El Segundo-based Highridge Partners is looking to make a quick, sizeable profit on a Santa Ana office building it bought on the cheap in 2009.
Highridge, a self-described contrarian investor, recently put its 3 MacArthur Place office building up for sale, according to several real estate sources.
Market watchers are expecting the 246,819-square-foot building to trade hands in the $60 million or higher range, or close to $250 per square foot, assuming a deal is made.
If that price is met, it would be nearly double the price for the 11-story building since its last sale.
Highridge paid about $31 million, or about $125 per square foot, for the building in late 2009.
That deal was struck near the low point of Orange County’s office market in terms of prices.
The building’s prior owner, New York-based Tishman Speyer Properties LP, paid about $83 million for 3 MacArthur near the peak of the market, in mid-2007.
The building was about 75% full at the time of the last sale and was expected to lose a few tenants.
Since the deal, Highridge has put about $1 million worth of renovations into the building and has struck a couple large deals to bring 3 MacArthur’s occupancy up to about 85%.
The building is said to bring in close to $3.6 million in rents annually.
Last summer, Edison Mission Energy, an owner and operator of power plants and a unit of Edison International, said it would move its headquarters from Irvine to the building.
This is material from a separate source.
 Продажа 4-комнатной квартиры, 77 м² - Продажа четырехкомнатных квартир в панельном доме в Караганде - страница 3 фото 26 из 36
It signed an 85,339-square-foot lease that starts this year and runs for 10 years.
Other large tenants include apartment investor Archstone-Smith, which leases about 21,000 square feet of space, and a unit of Deutsche Telekom AG’s T-Mobile USA Inc., which last year signed a seven-year renewal for 20,377 square feet of space.
Officials for Highridge told the Business Journal last year they expected to hold on to the building for five to seven years. But the company’s known for striking deals when the market’s hot.
Highridge sold its entire portfolio for about $1 billion in 2006 and 2007 when real estate values were last peaking.
It’s made a few acquisitions in the past couple years. In 2009 it said it was targeting close to $500 million in office buys.
Brokers with CB Richard Ellis Group Inc. have the listing on 3 MacArthur. They declined to comment on a potential sale of the building.
Way To Cash Out?
Axxcess Capital Ventures LLC, a Newport Beach-based real estate services and asset management firm that started up last year, said it has a new program to help provide liquidity to struggling investors of tenant-in-common deals and other complex investments.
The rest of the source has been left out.